Bei einem Besuch in Prag bei seinen Eltern wird deutlich, warum Petr von dort geflohen ist. Solche zugleich pointierten und poetischen Dialogstellen wie „Wir erzählen lieber Pappi nichts davon!“ – „Mammi, er weiß es doch!“ bekommt nur ein Regisseur hin, der seine Figuren genau kennt und mit großer Zuneigung von ihnen erzählt. Zusammen mit der Mutter erfährt nun auch der Zuschauer, dass Petr schwul ist, und nach seiner Rückkehr ins Dorf sieht man dieses nun mit ganz anderen, nämlich seinen Augen. Das Dorf ist plötzlich ein Minenfeld und Petr hat verständliche Angst davor, wie die Nachbarn, Eltern seiner Schüler und Lehrerkollegen reagieren würden, wenn sie um sein Geheimnis wüssten. Und das Verhältnis zu Marie und ihrem Sohn erscheint nun auch nicht mehr so freundschaftlich und unschuldig, denn Petr fühlt sich zu dem jungen Mann hingezogen, während dessen Mutter sich selber Hoffnungen auf eine Liebschaft mit ihm macht. Ein früherer Geliebter von Petr reist ihm aus Prag hinterher und schreckt ihn aus seiner vermeintlichen ländlichen Idylle auf und so kommt es zu einer Nacht, in der sich alle besaufen und die Hemmungen fallen lassen. Diese Entwicklung nach etwa zwei Dritteln des Films scheint auf ein vorhersehbar deprimierendes Ende zuzulaufen, und man beginnt schon, dem Regisseur übel zu nehmen, dass er uns diese Charaktere erst so nahe gebracht hat, um sie dann so im Elend stranden zu lassen.

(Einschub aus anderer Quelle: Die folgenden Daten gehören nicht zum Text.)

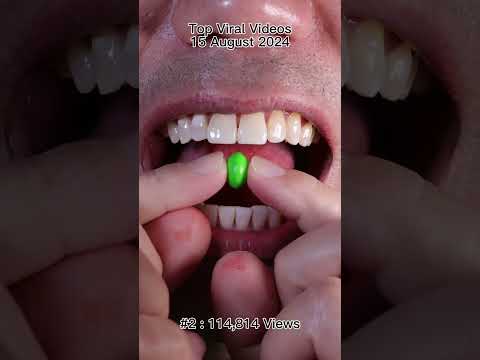 Satisfying Chewing ASMR #Compilation #ASMR #DoctorTristanPeh thumbnail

Aber dann überrascht Sláma mit einem sehr ungewöhnlichen letzten Akt, bei dem jede Figur mit der gleichen Großzügigkeit und Wärme auf die Krise reagiert, mit der Sláma ja schon den ganze Film durchtränkt hat. Das ist alles andere als ein verlogenes Happy-End und es haben sich auch nicht alle auf einmal lieb.

Der Film gewährt ihnen allen stattdessen einen Moment des klares Blickes, nach dem sie sich und die anderen mit anderen Augen sehen können. All das passiert in der letzten langen Einstellung des Films, in der eine Kuh ein Kalb wirft. In Echtzeit kommt hier der Film auf seinen mit feinem dramaturgischen Gespür gesetzten Schlusspunkt, und man fragt sich unwillkürlich, wie viele Rinder vor der Kamera kalben mussten, bis jeder Blick und jede Berührung der Schauspieler so perfekt saß.